Jesús Enrique Lossada lies northwest of Lake Maracaibo in the Maracaibo Basin. The municipality borders the municipalities of Mara to the north, Maracaibo and San Francisco to the east, La Cañada de Urdaneta to the southeast, and Rosario de Perijá to the southwest. To the west it borders the Colombian departments of Cesar and La Guajira.

The relief in the eastern part of the municipality is flat, while in the west it elevates to form the mountains of the Serranía del Perijá on the Colombia–Venezuela border. The western highlands are forested, while the eastern lowlands have been largely converted to agricultural land. The Guasare and Socuy rivers originate in the western highlands and flow northeastward into Mara Municipality, where they meet to form the Limón River. The Palmar River, on which the Tres Ríos Reservoir is located, forms the municipal border between Jesús Enrique Lossada and Rosario de Perijá.

The wet season in Jesús Enrique Lossada lasts from May to November. Rainfall increases from north to south and from east to west in the municipality, varying from 500 to 1500 mm annually. The average annual temperature is 26 C.

==History==
Ranches were first established in the late eighteenth century in what is now the territory of Jesús Enrique Lossada. Shell struck oil at La Paz in 1922 and La Concepción in 1924, and operated the oilfields there until the 1960s. Jesús Enrique Lossada was part of the former Maracaibo District until 21 June 1989, when it and Maracaibo were separated, each becoming independent municipalities.

==Government==
The following people have served as mayor (alcalde) of Jesús Enrique Lossada:
- Pedro Aldana, 1989–1995
- Mario Urdaneta, 1995–2008, 2013–2017
- Rosiris Orozco, 2008–2013
- Júnior Mujica, 2017–2021

===Subdivisions===
Jesús Enrique Lossada is divided into four parroquias, of which La Concepción serves as the capital of the municipality.

| Parroquia | Population (2011 census) | Seat |
|---|---|---|
| La Concepción | 69,284 | La Concepción |
| José Ramón Yepes | 25,372 | La Paz |
| Mariano Parra León | 9,522 | Jobo Alto |
| San José | 14,578 | San José |

==Economy==
Jesús Enrique Lossada's economy is primarily based on agriculture. Major crops include corn, cassava, tomatoes, bananas, and other fruits. In particular it is one of the largest producers of grapes in Zulia. Livestock produced in the municipality include cattle, pigs, sheep, goats, and poultry.

==Infrastructure==
Local roads connect Jesús Enrique Lossada with its neighbouring municipalities.

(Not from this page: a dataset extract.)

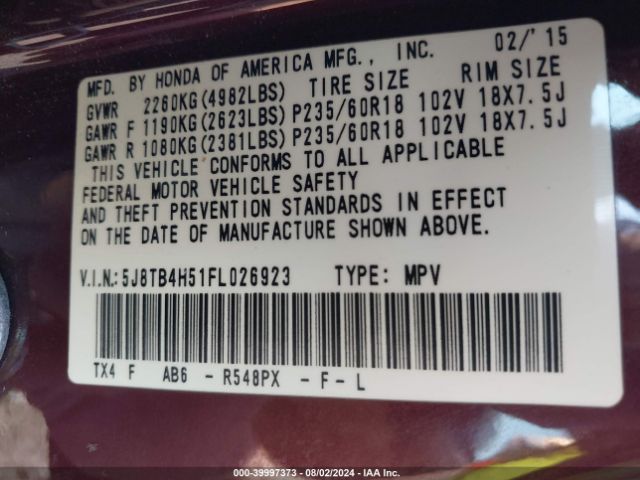 5J8TB4H51FL026923 Acura RDX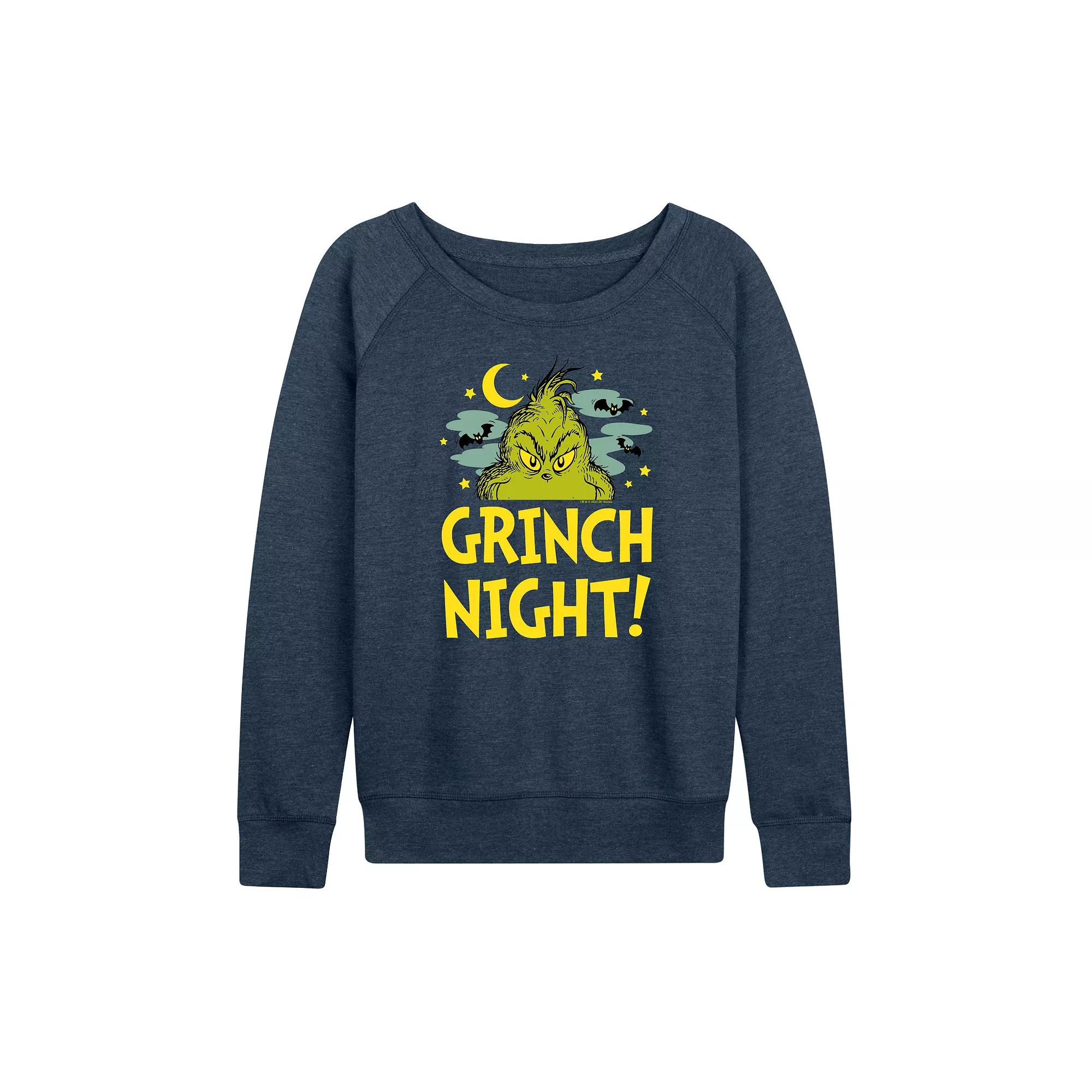 Women's Dr. Seuss Grinch Night Halloween French Terry Long Sleeve Tee,  Product Image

Troncal 6 highway passes through the southeastern corner of the municipality as it runs between Villa del Rosario in the southwest and San Francisco in the east.

The Tres Ríos Reservoir is located at the confluence of the Palmar, Lajas and Caño Pescado rivers on the border between Jesús Enrique Lossada and Rosario de Perijá. Built in 2006, the dam has a capacity of 180 e6m3 and an effective height of 59 m. It supplies water for irrigation and household consumption. Jesús Enrique Lossada does not have an extensive water distribution system and water is delivered by truck to a majority of households. There is no sewer system in the municipality.

The two hospitals in the municipality are both located in La Concepción.